Most English-speaking Christians are probably unaware of all that is said about the new covenant, since the Authorized Version mostly uses the translation 'testament'. In the epistle to the Hebrews 'covenant' is retained, and even there it becomes 'testament' in one passage (9.15-20). The Latin translation of the Greek diatheke was testamentum, and this may have been adequate; but the English 'testament' completely conceals the meaning. What we call the Old and New Testaments of the Bible should really be the Old and New Covenants.
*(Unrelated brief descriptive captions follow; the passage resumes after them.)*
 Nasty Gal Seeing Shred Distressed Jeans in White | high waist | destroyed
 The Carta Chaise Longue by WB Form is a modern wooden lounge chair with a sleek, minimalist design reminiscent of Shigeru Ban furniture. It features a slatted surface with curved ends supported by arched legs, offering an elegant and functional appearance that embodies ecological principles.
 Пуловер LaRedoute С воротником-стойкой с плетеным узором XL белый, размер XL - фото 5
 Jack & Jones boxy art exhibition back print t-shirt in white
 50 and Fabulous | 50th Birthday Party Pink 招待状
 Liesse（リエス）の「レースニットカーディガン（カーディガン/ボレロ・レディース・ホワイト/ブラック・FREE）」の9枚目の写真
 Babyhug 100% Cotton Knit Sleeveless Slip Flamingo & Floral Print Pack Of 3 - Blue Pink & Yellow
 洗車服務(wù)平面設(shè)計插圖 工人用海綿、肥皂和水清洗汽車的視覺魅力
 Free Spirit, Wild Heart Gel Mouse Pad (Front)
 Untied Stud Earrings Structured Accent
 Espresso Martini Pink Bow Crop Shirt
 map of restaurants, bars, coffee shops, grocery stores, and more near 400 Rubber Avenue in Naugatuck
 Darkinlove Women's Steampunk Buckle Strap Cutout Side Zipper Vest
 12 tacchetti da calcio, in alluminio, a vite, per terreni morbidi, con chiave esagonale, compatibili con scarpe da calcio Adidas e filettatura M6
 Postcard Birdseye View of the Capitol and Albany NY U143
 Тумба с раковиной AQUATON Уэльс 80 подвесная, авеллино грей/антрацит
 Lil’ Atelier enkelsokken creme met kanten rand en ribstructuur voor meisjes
It is easy to see how much these arguments would have infuriated Paul's Jewish opponents, who prided themselves on being the true children of Abraham, and some of these arguments probably seem rather strange to us (Congar, 1964). But it is not difficult to see how Paul could have understood the Old Testament story as an intriguing picture of what was going on in Galatia, with the conflict between the do-it-yourself law-keeping approach of the Judaizers and his own trust-in-the- promises-and-mercy-of-God approach. Paul sees the Christians as the true spiritual family of Abraham, as the true Israel (6.16).